Set down exactly the lines from the one containing "76, Catania - foto 13" through the last line of the data below, and no others.

▶ [RECORDS SHOWN]:
↓

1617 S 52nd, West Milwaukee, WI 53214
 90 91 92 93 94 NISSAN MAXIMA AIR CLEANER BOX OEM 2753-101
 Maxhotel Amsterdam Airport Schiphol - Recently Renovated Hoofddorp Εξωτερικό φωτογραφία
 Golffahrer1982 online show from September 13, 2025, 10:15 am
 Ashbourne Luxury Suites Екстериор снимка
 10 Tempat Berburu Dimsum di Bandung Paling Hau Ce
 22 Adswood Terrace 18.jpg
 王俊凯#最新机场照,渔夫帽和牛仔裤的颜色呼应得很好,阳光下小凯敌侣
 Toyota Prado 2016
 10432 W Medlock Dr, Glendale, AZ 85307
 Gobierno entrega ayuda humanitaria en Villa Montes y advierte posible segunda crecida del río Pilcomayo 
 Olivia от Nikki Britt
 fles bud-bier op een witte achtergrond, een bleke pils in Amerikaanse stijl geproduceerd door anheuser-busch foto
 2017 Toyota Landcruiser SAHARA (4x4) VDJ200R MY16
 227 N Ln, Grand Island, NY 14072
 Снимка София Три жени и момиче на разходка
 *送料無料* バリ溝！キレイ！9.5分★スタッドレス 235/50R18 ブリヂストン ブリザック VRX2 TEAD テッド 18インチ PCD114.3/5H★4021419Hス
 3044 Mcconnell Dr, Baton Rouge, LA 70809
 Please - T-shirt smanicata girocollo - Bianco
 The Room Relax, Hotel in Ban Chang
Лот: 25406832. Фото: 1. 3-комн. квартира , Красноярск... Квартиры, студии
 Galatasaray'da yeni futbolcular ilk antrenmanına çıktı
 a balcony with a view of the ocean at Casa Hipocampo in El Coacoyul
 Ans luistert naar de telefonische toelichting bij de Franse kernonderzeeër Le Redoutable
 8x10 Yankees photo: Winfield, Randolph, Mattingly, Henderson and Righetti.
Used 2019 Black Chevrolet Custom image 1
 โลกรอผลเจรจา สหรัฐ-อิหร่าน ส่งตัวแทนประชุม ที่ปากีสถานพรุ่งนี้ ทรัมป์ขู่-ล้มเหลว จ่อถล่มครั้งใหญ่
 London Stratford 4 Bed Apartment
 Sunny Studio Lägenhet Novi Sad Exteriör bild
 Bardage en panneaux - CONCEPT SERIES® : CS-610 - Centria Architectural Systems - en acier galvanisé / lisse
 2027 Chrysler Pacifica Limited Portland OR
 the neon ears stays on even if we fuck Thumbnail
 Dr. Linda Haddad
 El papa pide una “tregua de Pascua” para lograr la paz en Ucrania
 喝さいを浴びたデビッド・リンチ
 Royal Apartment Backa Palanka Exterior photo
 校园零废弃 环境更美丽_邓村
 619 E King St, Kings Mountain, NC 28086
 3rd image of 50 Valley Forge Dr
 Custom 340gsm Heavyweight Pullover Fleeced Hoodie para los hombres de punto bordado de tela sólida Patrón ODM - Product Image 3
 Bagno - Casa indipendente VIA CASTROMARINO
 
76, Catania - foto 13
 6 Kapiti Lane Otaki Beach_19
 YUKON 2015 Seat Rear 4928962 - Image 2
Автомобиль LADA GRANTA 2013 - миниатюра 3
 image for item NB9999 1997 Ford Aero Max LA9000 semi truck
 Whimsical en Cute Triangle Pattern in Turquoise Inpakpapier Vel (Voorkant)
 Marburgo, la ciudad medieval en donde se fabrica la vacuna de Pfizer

↑

▶ [RESPONSE]:
76, Catania - foto 13
 6 Kapiti Lane Otaki Beach_19
 YUKON 2015 Seat Rear 4928962 - Image 2
Автомобиль LADA GRANTA 2013 - миниатюра 3
 image for item NB9999 1997 Ford Aero Max LA9000 semi truck
 Whimsical en Cute Triangle Pattern in Turquoise Inpakpapier Vel (Voorkant)
 Marburgo, la ciudad medieval en donde se fabrica la vacuna de Pfizer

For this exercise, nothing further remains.